Tail: This is considered a "private" area and many dogs are sensitive about having their tails handled.

  1. Begin by briefly touching your dogs tail. Repeat 10 times with clicks and treats. Once he's comfortable, proceed to being able to hold his tail for up to 10 seconds.
  2. Progress slowly through the following steps: pulling the tail up, brushing, pulling gently on it.

Touching by children: Prepare your dog with the strange sorts of touches that children may give him (always supervise and keep everyone safe when dogs and kids are together!) Practice by C/Ting him for accepting odd touches from you such as ear tugs, tail tugs, head pats and hugs. As with all exercises proceed slowly.

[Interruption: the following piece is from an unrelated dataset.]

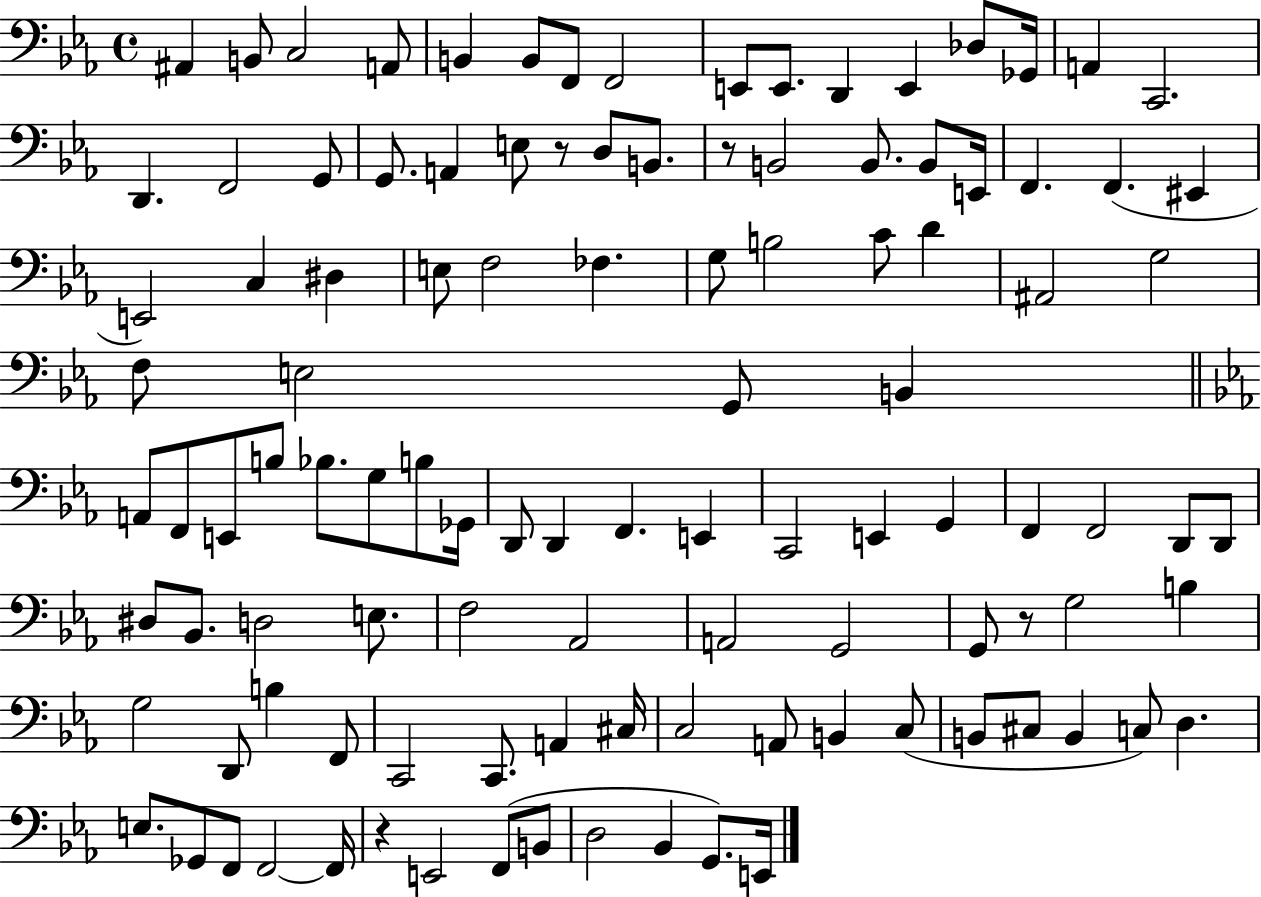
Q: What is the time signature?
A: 4/4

Lifting: In an emergency you may have to lift up even a large dog. Practice doing this by first putting your arms around him using clicks and treats for the briefest of touches and then proceed to being able to lift him off of the ground while he remains calm. For dogs that require professional grooming, practice picking him up and putting him on a table and practicing other handling exercises

Brushing: Get your dog's brush and lightly touch him with it and C/T. Repeat until he is comfortable with a normal level of brushing and remains still.